Foto: Radio Olsztyn
Wydarzyło się to w 1940 roku, albo pięćdziesiąt lat później? W każdym bądź razie latem, które dobrze pamięta o krainie i jego mieszkańcach. W południe przyjechali rowerem do mazurskiej wioski, której nazwa nie jest istotna w tej historii. Mężczyzna i kobieta zsiedli z roweru na głównym wiejskim placu. Mężczyzna postawił rowery w cieniu, kobieta rozpakowała kanapki. Właśnie chcieli usiąść na kamieniu, kiedy naprzeciw nich przed drzwiami stanęła stara kobieta.

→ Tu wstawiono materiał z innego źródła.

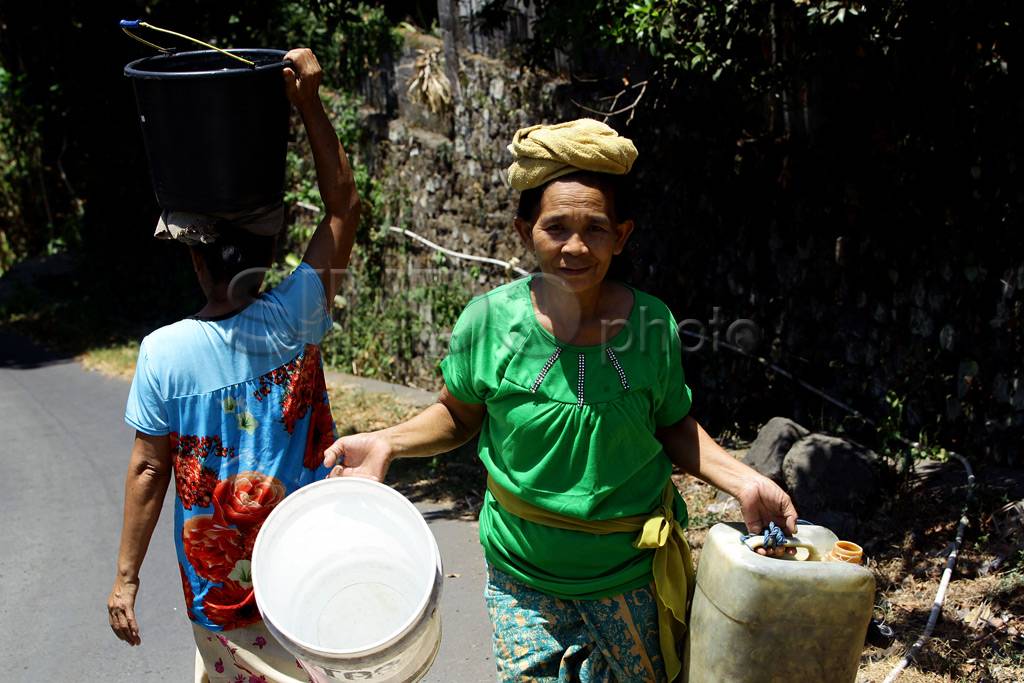 Musim Kemarau, Warga...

-Chodźcie, chodźcie! - woła i macha do nich.
Na jej wołanie przybiegło kilka kur, czarny kot, który ocierał się o nogi starej kobiety i mruczał. Przeszła przez ulicę do rowerzystów, kury i kot szły za nią.
-Nie będziecie tu przecież na kamieniu jeść obiad - powiedziała.- Chodźcie ze mną do mojej kuchni. Upiekłam świeży chleb i masła jest pod dostatkiem. Placek wyjęłam właśnie z pieca, jest jeszcze ciepły. Jeśli chcecie, mogę upiec placki ziemniaczane.
Mówiła i mówiła, aż rowerzyści poszli za nią do domu. Wytarła stół, przyniosła krzesła z pokoju obok i podała obficie do stołu. Wciąż zmuszała ich do jedzenia, ale sama prawie nic nie jadła.
-Gospodarz je, co pozostanie, tak jest u nas na Mazurach.
Także kury przyszły do kuchni. Stara rzuciła im okruszki chleba, a przy tym przypomniała sobie o jajkach.
-Jajeczko dla każdego - powiedziała - i rozbiła jajka na patelni. Do tego przyniosła ze spiżarki słoninę.
Kot wskoczył na stół kuchenny i patrzył , jak jedzą.
-Dostaniesz, kiedy Państwo będą najedzeni -powiedziała do kota.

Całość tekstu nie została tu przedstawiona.